The B.C. government and the Taku River Tlingit First Nation have signed a land use agreement covering a vast area of the province's northwest that will protect some parts and open up others for resource development.

Premier Christy Clark said on Tuesday the deal creates 13 new protected areas and protects about 800,000 hectares of more than three million hectares in the Atlin Taku region, including the existing Atlin Park.

But Aboriginal Relations Minister Mary Polak said 90 per cent of the areas with the highest mineral potential remain available for exploration and potential development.

Clark said the deal follows years of litigation over a mine in the area, which the province ended up winning in the Supreme Court of Canada.

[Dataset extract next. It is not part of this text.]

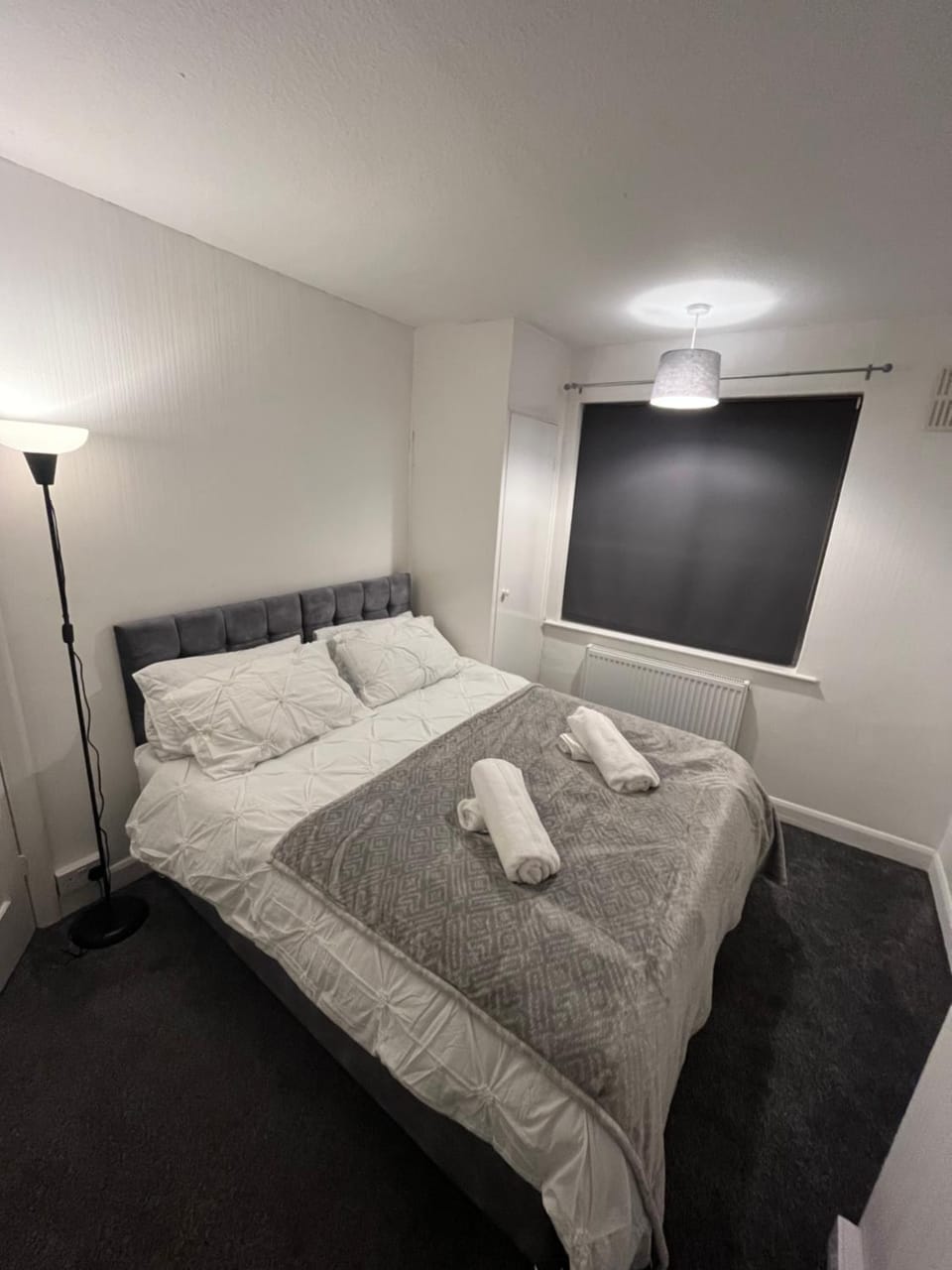 Bed, Bedroom, Garden view, Garden view, towels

"This agreement represents a clear shift from conflict to collaboration between B.C. and the Taku River Tlingit First Nation," said Clark.

Mining jobs expected

Band spokesman John Ward said the agreement will protect the land and provide the means for band members to  prosper in their own traditional territory.

"The Taku River Tlingits have looked forward to this day for a very long time," said Ward.

The First Nation has already begun to work with mining developers on potential resource projects that could create 600 jobs, said Clark.

According to a statement released by the government, the Land Use Plan area covers an area the size of Vancouver Island and includes the Taku Watershed, one of B.C.'s most significant salmon watersheds, which supports the largest commercial salmon run in south-eastern Alaska.

The deal is a land use agreement, but is not a treaty. The Taku River Tlinglit band website says their traditional territory covers parts of both B.C., Yukon and Alaska.